**EXERCISE DATA**
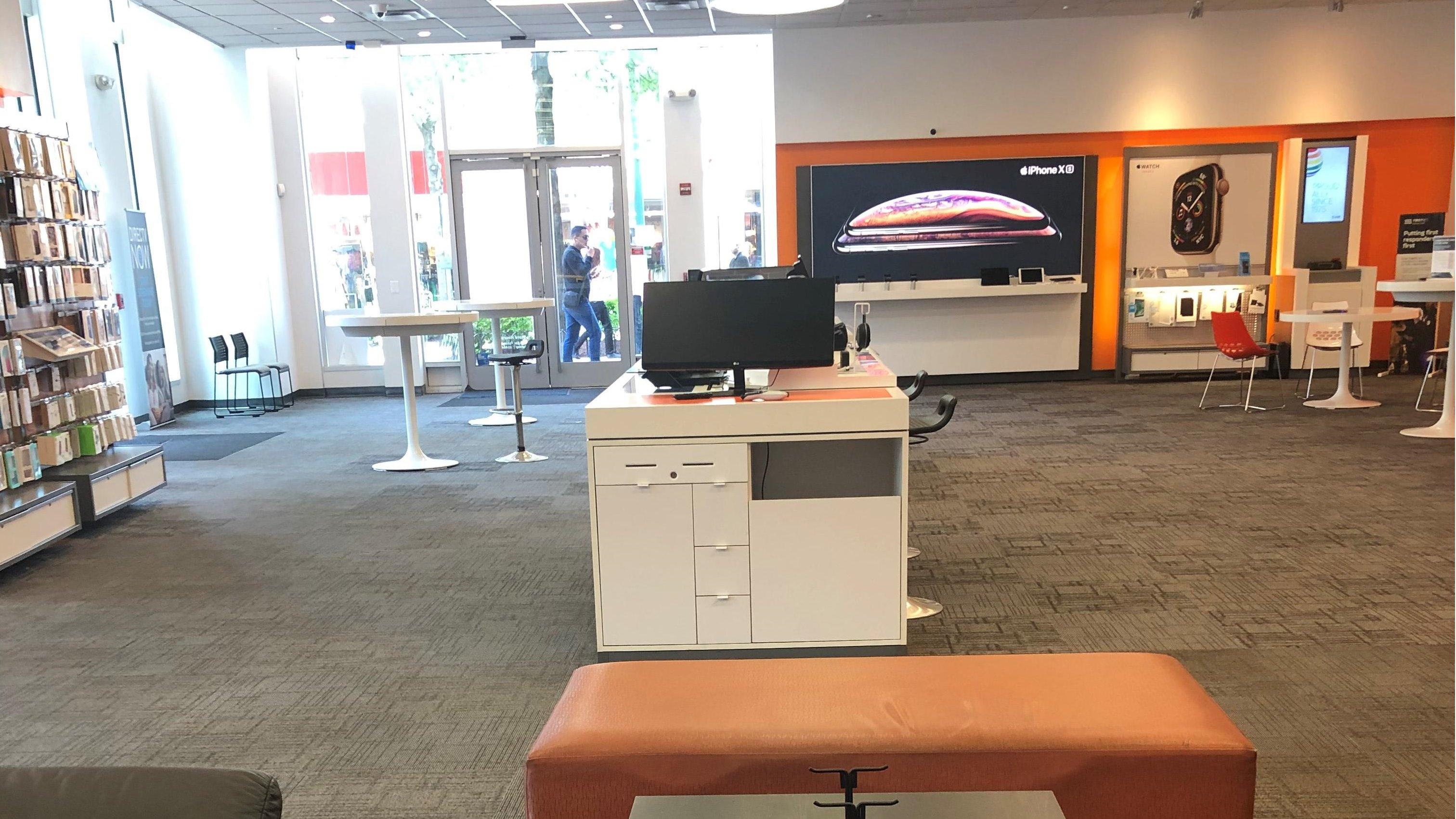 AT&T Store Photo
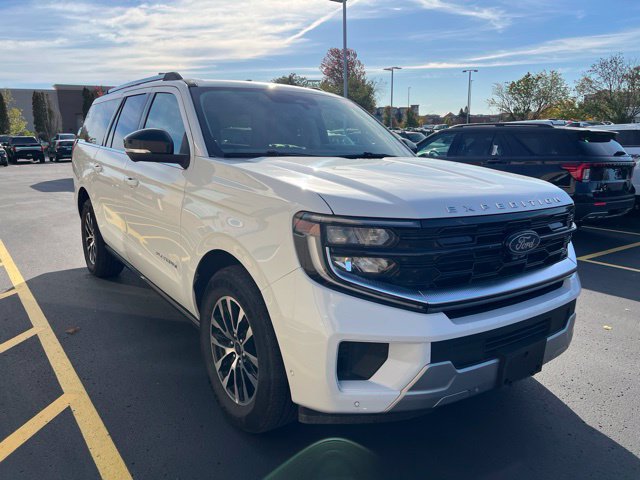 Certified 2025 Ford Expedition Max Platinum AWD/4WD image 1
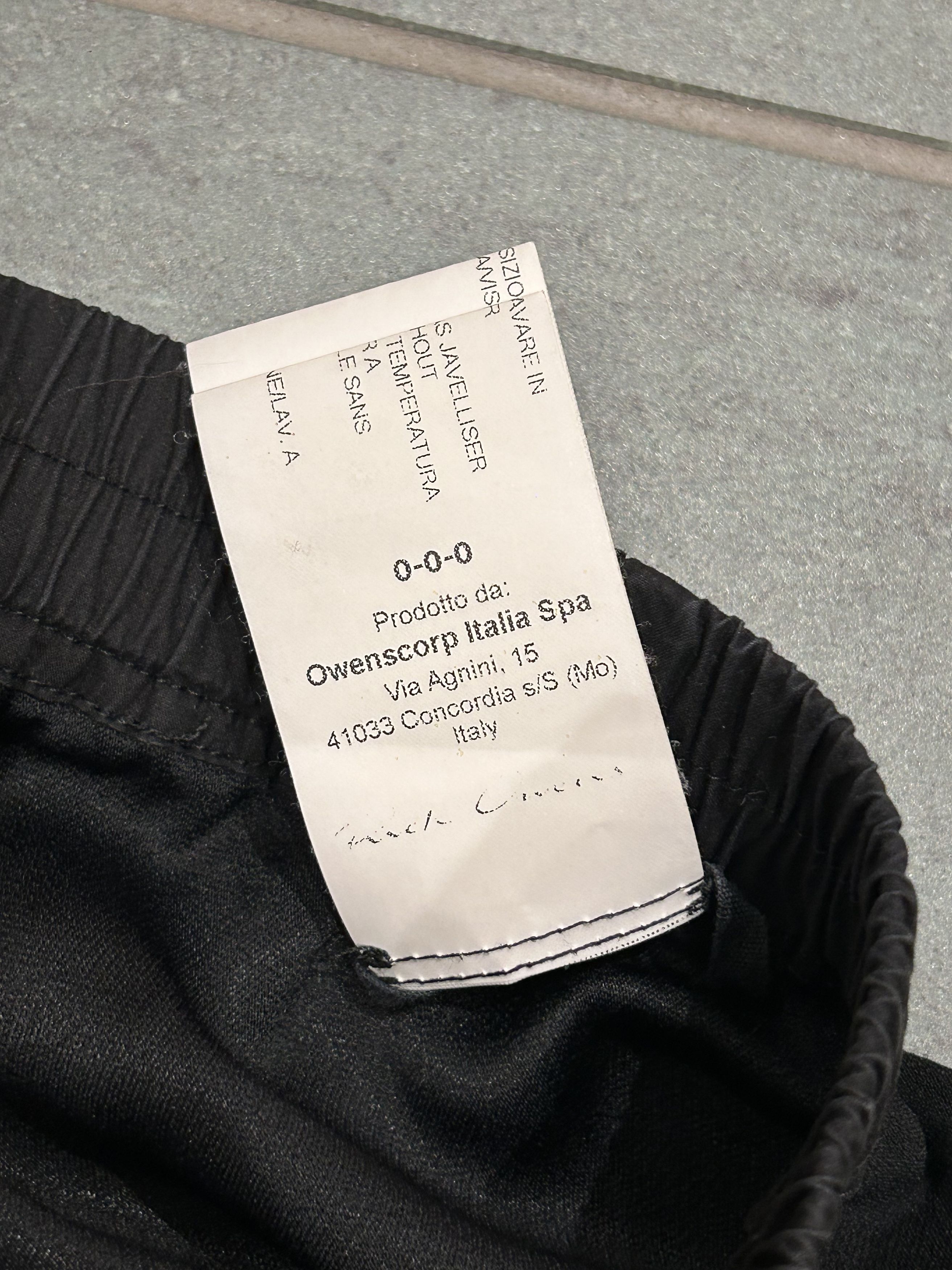 Rick Owens Rick Owens Glitter FW17 Boxer Shorts Size US 30 / EU 46 - 4 Thumbnail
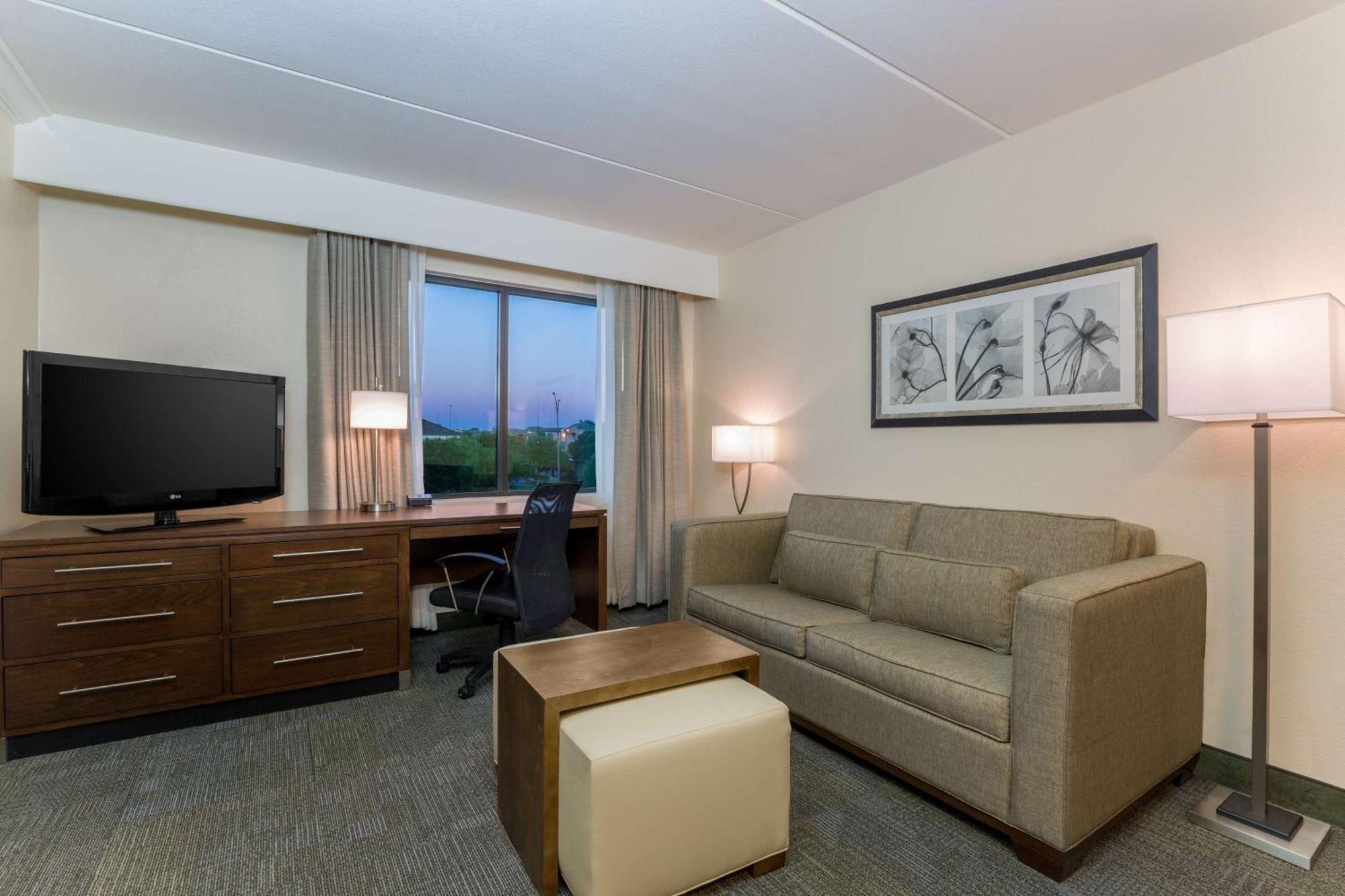 Homewood Suites By Hilton Ft. Worth-North At Fossil Creek Fort Worth Extérieur photo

**PROBLEM DESCRIPTION**
Starting at the line that holds "Certified 2025 Ford", write out every remaining line of the material above exactly as it appears. Pictures should not be copied.

**EXERCISE ANSWER**
 Certified 2025 Ford Expedition Max Platinum AWD/4WD image 1
 Rick Owens Rick Owens Glitter FW17 Boxer Shorts Size US 30 / EU 46 - 4 Thumbnail
 Homewood Suites By Hilton Ft. Worth-North At Fossil Creek Fort Worth Extérieur photo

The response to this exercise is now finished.